(Given material):
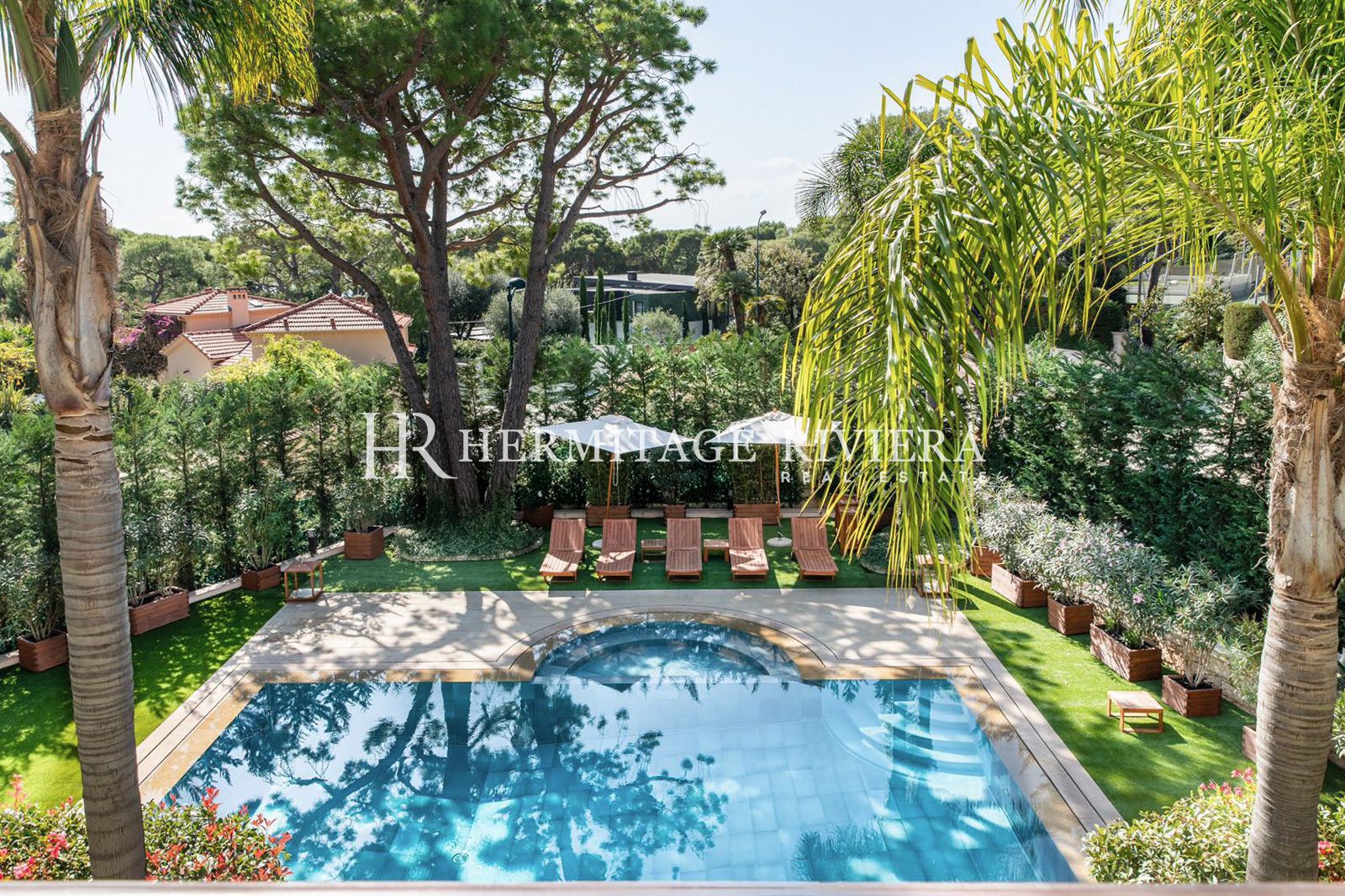 À proximité du Grand Hôtel Cap-Ferrat - Piscine - Jardin plat (image 3)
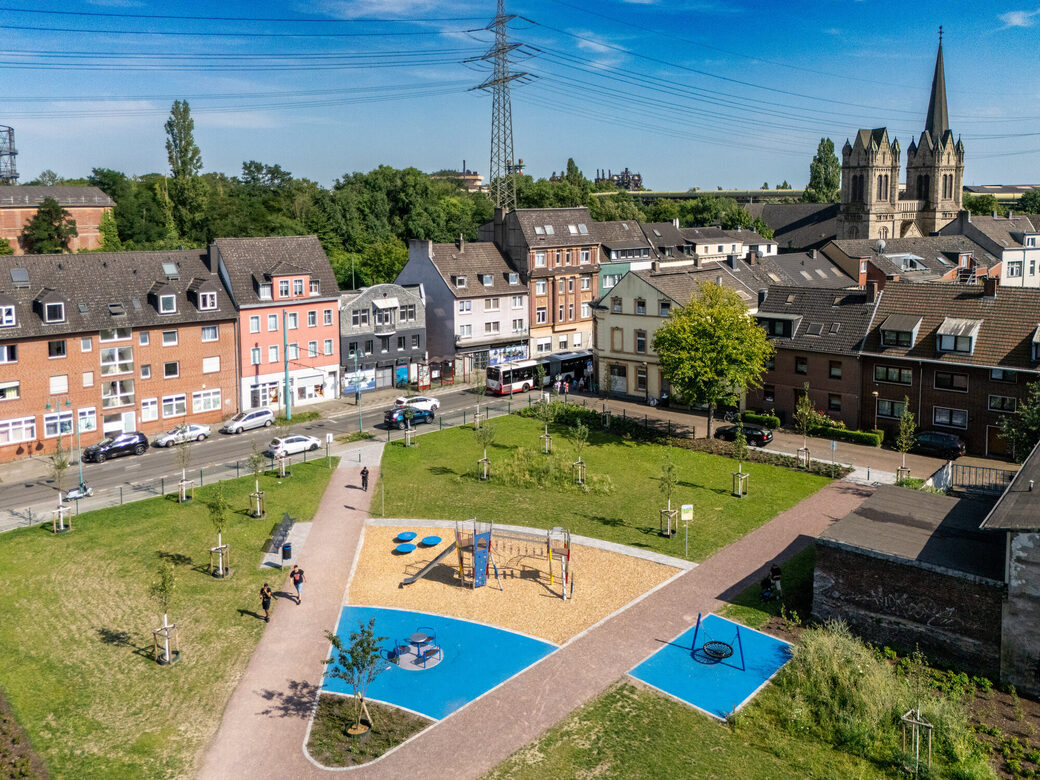 neuer Spielplatz mit Grünfläche in Laar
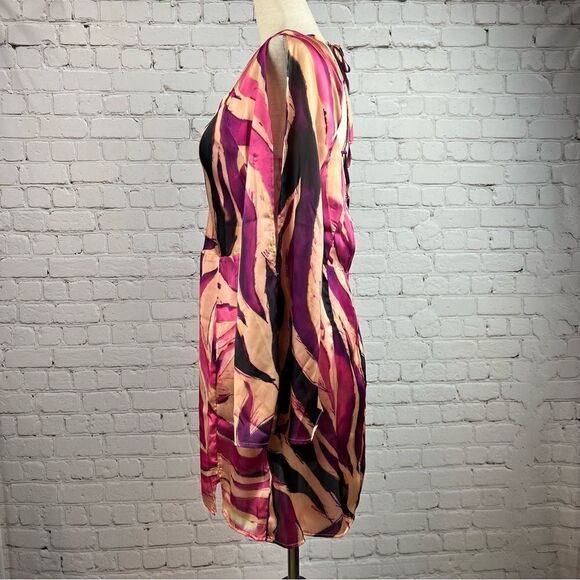 NEW with Tags Topshop Cowl Neck Flute Sleeve Abstract Animal Print Mini Dress 8 - Picture 11 of 16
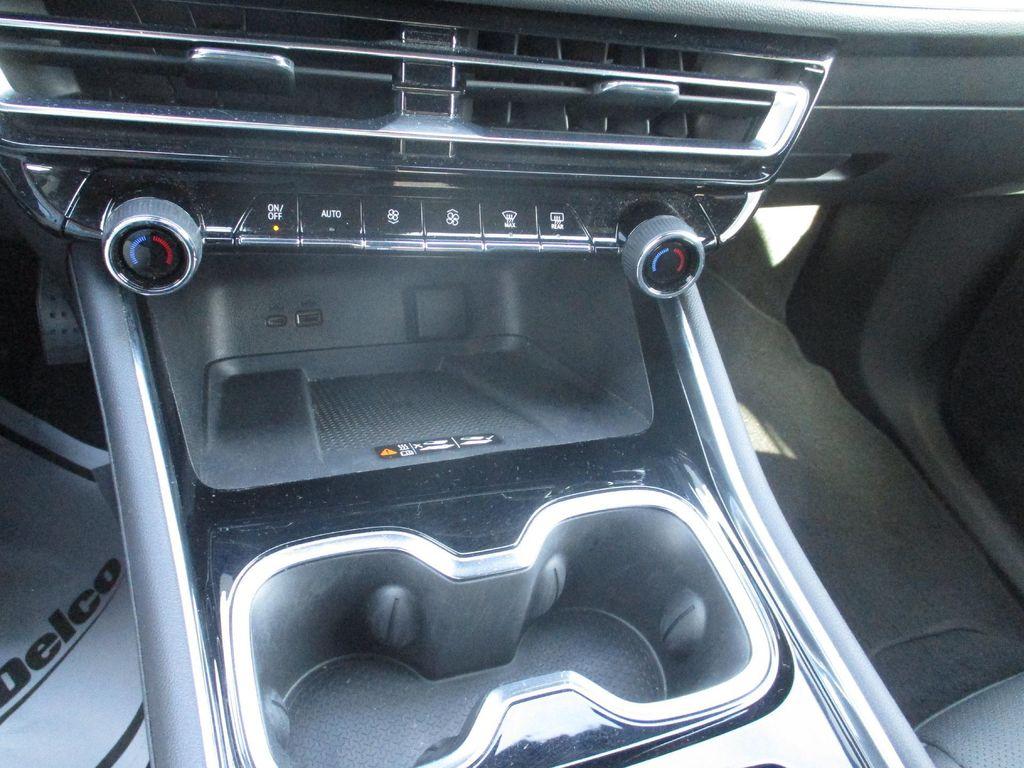 used 2025 Chevrolet Traverse car, priced at $36,999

(Your assignment):
Pick up at the line containing "neuer Spielplatz mit Grünfläche in Laar" and copy each line exactly until the data ends, including that last line; copy no pictures.

(Task output):
 neuer Spielplatz mit Grünfläche in Laar
 NEW with Tags Topshop Cowl Neck Flute Sleeve Abstract Animal Print Mini Dress 8 - Picture 11 of 16
 used 2025 Chevrolet Traverse car, priced at $36,999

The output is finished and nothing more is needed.